A collection of loaded imagery and recurrent metaphor, Brimhall’s Saudade allows nothing to be overlooked: a one-armed child, her wrist in the jaws of a jaguar, a collection of “mummified hummingbirds,” “a black horse dragging a priest / through paradise,” the eel that “made its home / in the ribcage, flicking its black tail between the bones,” all interwoven, a “cord wrapped / around my neck like a rosary.” Each is as imperative to the work as suffering to hope. There are no exit ramps for the reader to detach, no disconnect, no reprieves. It is a lesson of how to weep with a smile on our face, to accept “You’re entitled to your miracle, but this isn’t it. The hope of this / moment will hurt with age,” yet we read on, we endeavor, “give ourselves over to wishes, / which are all imagination and no faith,” and through Brimhall’s lyrics, we “invent a new / history of fact and fancy, where life is hard but courage / is easy because the dead do not resurrect themselves and claim / to be beloved.”

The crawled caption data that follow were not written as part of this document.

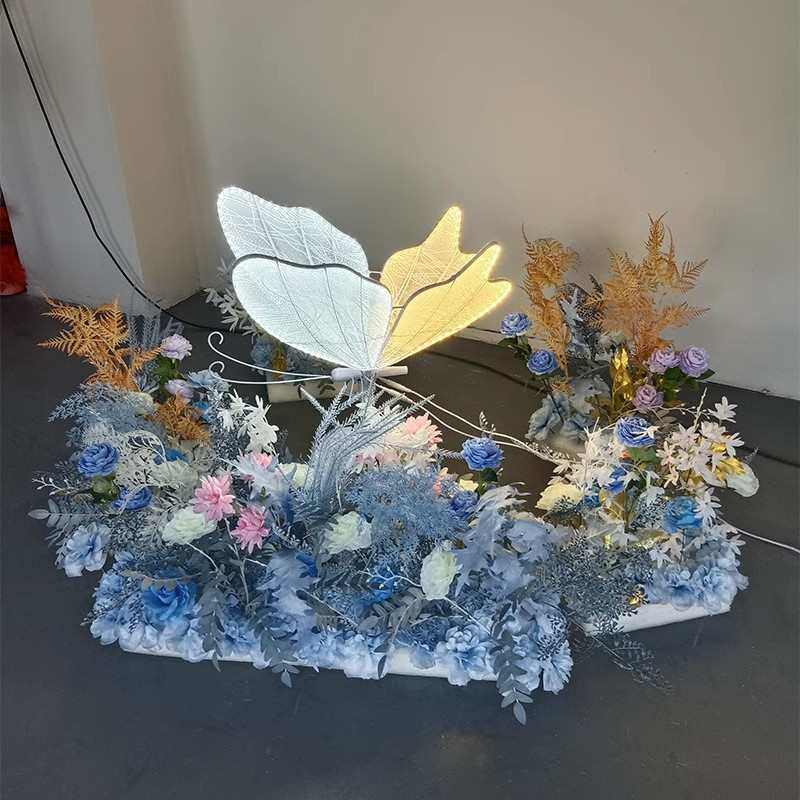 舞台发光蝴蝶路引灯婚庆道具场景布置挂件装饰吊灯婚礼堂舞台摆件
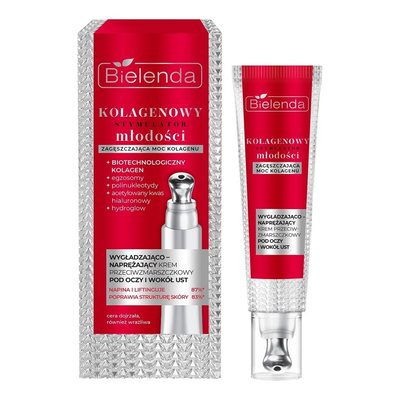 Bielenda Collagen Youth Stimulator Smoothing Firming Anti-Wrinkle Cream for Eyes and Mouth 15ml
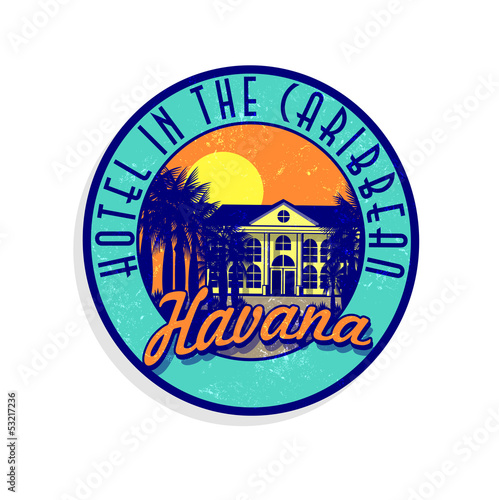 Fictional souvenir luggage sticker from Havana, Cuba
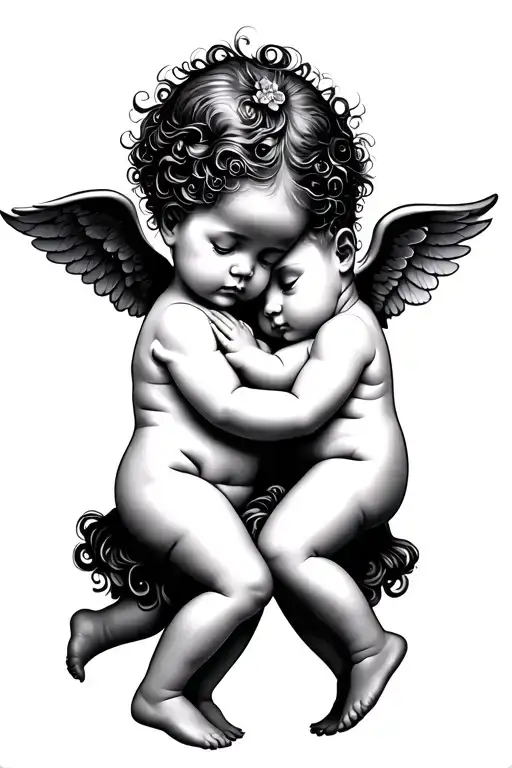 Two Baby Angels Hugging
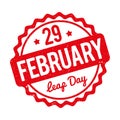 29 February Leap Day rubber stamp red on a white background.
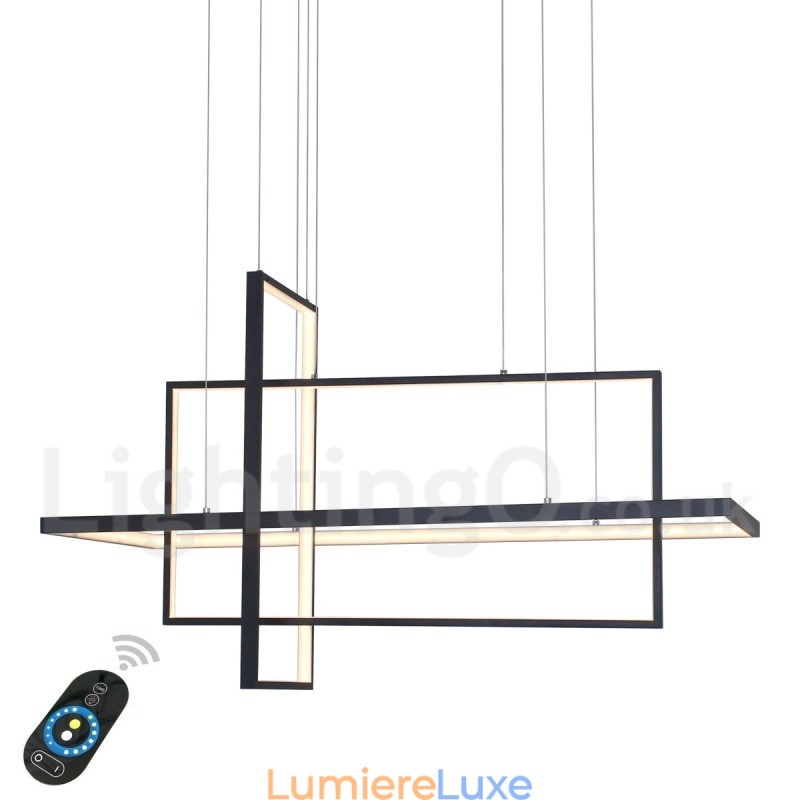 Suspension linéaire à intensité variable avec télécommande, lumière ambiante, finitions peintes, aluminium, design moderne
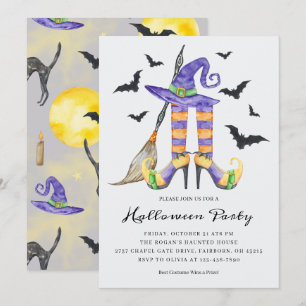 Halloween Witch Ben och Hat Party Inbjudningar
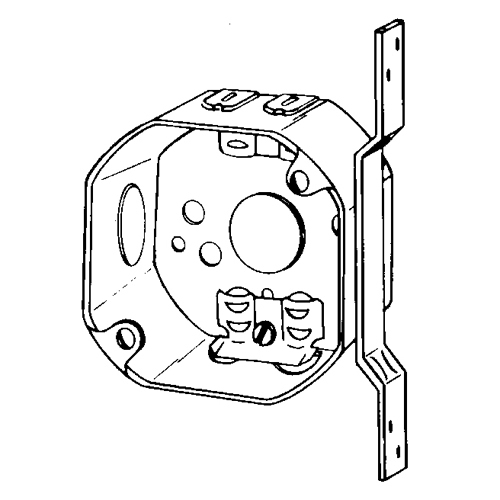 Octogon Box, Size: 4", 1-1/2" Deep, Material: Steel, Side Knockouts: 2@1/2", Bottom Knockouts, 1@1/2", End Knockouts: 4@ 21/32", Nonmetallic Sheathed CL 26 Cable Clamps, Cubic Capacity:15.5Cubic Inches, Vertical Bracket set back 5/8"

Saudade is lucidly historical, a meticulous portrait of a specific time in a specific place, but it is more than that; unbridled emotion is timeless, and Traci Brimhall’s work is as humanly contradictive as hearing the heartbeat of stillborn child. We are drawn into a world of jaguars and rubber plantations, “an arrogant imagination” that “runs out of fantasy,” and through it, we’re drawn into ourselves, like a coffin, inside a coffin, inside each of us. We thicken our skins, arm ourselves, “mix our gunpowder with rouge and foxglove seeds,” delve for a “moral happiness in the incestuous bellbird’s lure.” We sing “tedious songs as they unbraid my whips / with all the tenderness they once must have known.” Cleansed, baptized, we emerge, ignoring the “warning in the first half / of the ransom.” We survive. We step forward, emboldened and vulnerable. We “come into the godscape, blind and spitting live flies.”
Traci Brimhall is the author of Saudade (Copper Canyon Press, 2017), Our Lady of the Ruins (W. W. Norton, 2012), and Rookery (Southern Illinois University Press, 2010). She is an assistant professor at Kansas State University and lives in Manhattan, Kansas.